The letter from Will to my mother:
1."Can you imagine a cliff about 200 feet high. Straight, and if anything over hanging, a crow couldn't pitch anywhere, with the sea running about 30 feet up, and the water like a tub of soap suds and blinding snow before dawning (not sure of that last word), water boiling into the vessel not a nice experience, but nobody flinched. She drifted away from that island (the little Sacred Island) and then we saw another right ahead. Anyhow we had our motor on the starboard side and couldn't hoist her out so we decided to get in the boat and when the vessel sank float off and that's what we did, cut the rigging and let the boat float and the Nelson sank under us. Anyhow, we drifted clear on another island and we were all pitched in the water when the boat struck the breakers. Everyone jumped and swam and poor Cecil and Tommy Bussey didn't reach the rock where we landed. Father held onto the boat and she drifted in and he was saved and poor Jack was with us and he jumped and paddled and swam ashore and then it looked hopeless, everyone wet, snowing and blowing. And in the evening *they saw us from the land and came out at a risk of their lives and took us to their houses. They saved our lives. I don't think we would have lived that night. It veered and froze that night. We were well treated, but with two gone we didn't feel too good. We couldn't make any preparations whatever everything came too quick and if you were saved well if not well also, it came near being a mystery of the sea. We all came within a fraction of death and now we are home destitute saved nothing and no insurance except on the vessel. Jack and I haven't got a stitch. All the boys find it hard but they are single. I'm just beginning to realize my case now. Just the same as if I was dropped from the moon, cap, shoes, bedclothes, nothing whatever saved and not a cent to replace it."
*Later, they learned the family name, Herbert Elliot.
2. "Father is as well as can be expected, hard and all on it is you got to try and keep your chin up. The hard part was we couldn't get the bodies, but the people are trying to get them."
3. *Poor Jack saved the mouth organ you sent him. He put it in his pocket when I told him she was going to strike."
*Newfoundlanders seem to use the word "poor" to preface the name of anyone who has died before their time. Jack didn't die in that storm, but I think he was lame after having had Polio as a child. Perhaps that was the reason the word "poor" was used.

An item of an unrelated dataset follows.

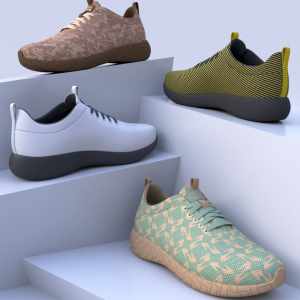 HL Comfort Sneakers for Genesis 8 and 8.1 Females HL Comfort Sneakers for Genesis 8 and 8.1 Females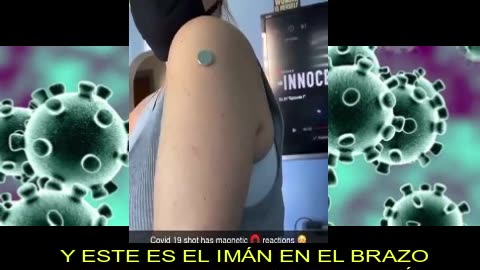 Efecto vacuna Covid 19 con IMAN, QUE HAY AL DENTRO? Coronavirus Plandemia Genocidio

Here is The Nelson. As far as I know, this is the only photo that was ever taken of it.
And here is my grandfather. I don't know if it was taken before or after the disaster. He is with his grandson, Cecil, the son of his oldest daughter, Blanche, who was, I believe, 18 years older than my mother.


  1. A fascinating glimpse at history. And amazing to think that people ever emigrated from Newfoundland to Canada.

  2. I so wish history had been taught through personal stories like this instead of boring textbooks on old dead guys at war. History comes alive when told through narrative -I could almost feel the sea spray on my face and smell the fish. Thanks!

  3. This true glimpse into the lives of your ancestors during critical times as they braved hardship is a window into the past we rarely get. The descriptive letter is touchingly honest. Details such as the cutting of boots so water could flow out are fascinating. Despite their unbearable losses, people overcame and brought future generations forward. Their resilience is honored through your writings and when they are discovered by your readers.

  4. Hi, I was wondering if you possibly had an electronic copy of the full letter from will?